Friday, November 21, 2008

I will survive

First otter reaches Farne Islands

An otter has survived a "perilous" three-mile sea crossing to the Farne Islands for the first time, the National Trust has said.

The animal, more commonly found in rivers, has swum from the coast of Northumberland despite rough seas.

Head warden David Steel said he was stunned to find 60 yards of otter tracks on Brownsman Island, which is famed for its bird colonies.

The mammal has not yet been sighted, but it is thought to be still there.

Agitated behaviour by the island's gulls and puffins suggest the new predator has settled in.

Force nine gales

While otters in Scotland do live in coastal areas, Mr Steel said it was "a rare event" to see them by the sea in England.

For one to reach an island three miles offshore was, he said, "incredible".

"It is staggering that an otter could survive the perilous journey out to the Farne Islands, especially Brownsman, which is a long way from the mainland," he said.

"We almost had to rub our eyes with disbelief when we discovered the tracks," he told the BBC.
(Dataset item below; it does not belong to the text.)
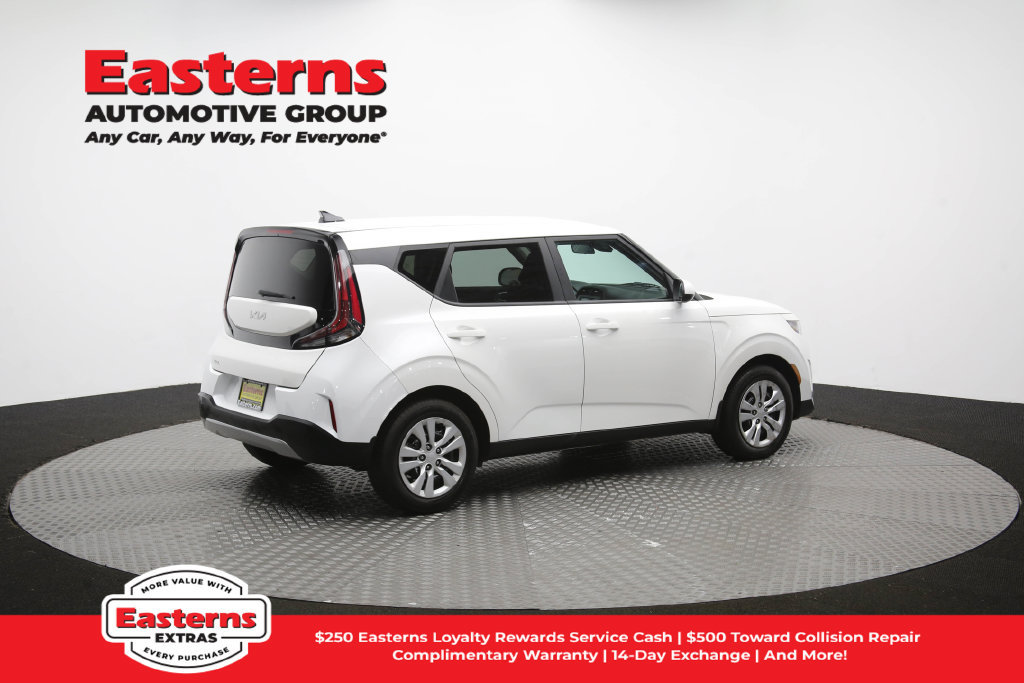 Used 2023 Kia Soul LX FWD image 41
"We've recently had force nine gales and it can be tricky to reach the islands even on a relatively calm day, which makes this otter's journey a little bit special."

Mr Steel said the otter may be a young animal, fresh from leaving the family fold and seeking its own territory.
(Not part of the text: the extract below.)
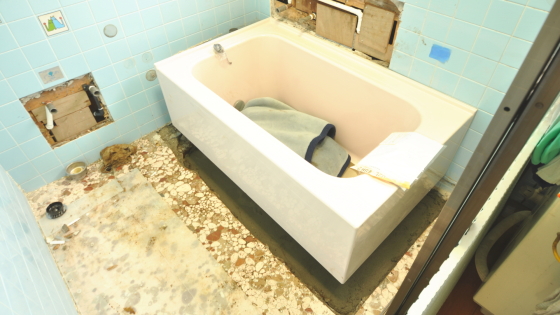 新しいバスタブを搬入・設置
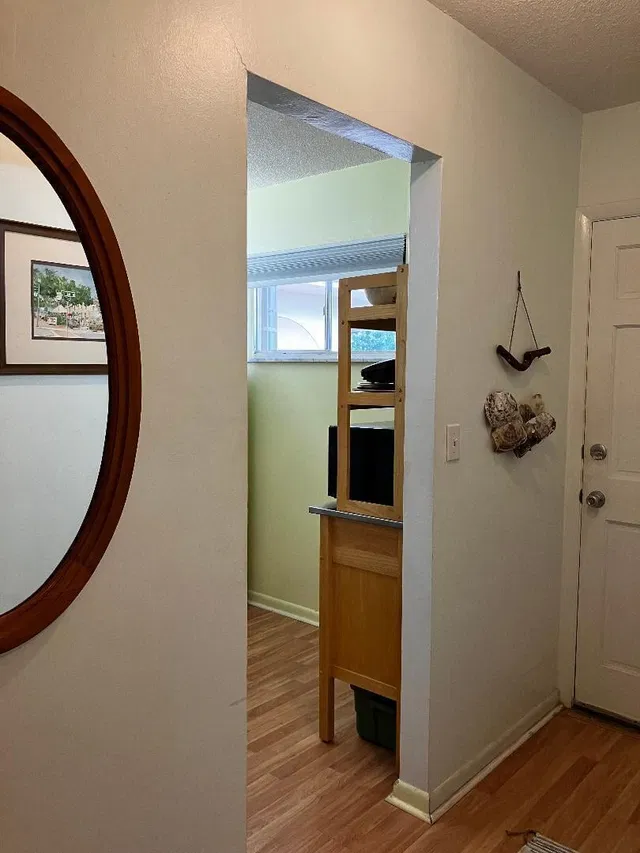 Unit 305 photo 9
"It might be a lonely animal, but it will hopefully survive," he said.

"There'll certainly be plenty of food, plenty of crustaceans and fish to feed upon, but unfortunately, unless another animal swims out here, it might have a lonely existence.

"But there's no reason why we can't get a second or third animal. They are obviously exploring this area so, who knows, maybe in the future might have a small breeding population."
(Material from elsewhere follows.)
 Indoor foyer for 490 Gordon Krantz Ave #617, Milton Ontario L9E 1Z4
The only worry, Mr Steel said, was about the impact the otter might have on nesting birds next summer.

"Unfortunately, otters are carnivores. They will feast upon bird eggs and small chicks so at that moment it may be a slight concern."

In the late 1950s and early 60s, otters underwent a sudden and catastrophic decline throughout much of Britain and Europe, probably due to the combined effects of pollution and habitat destruction.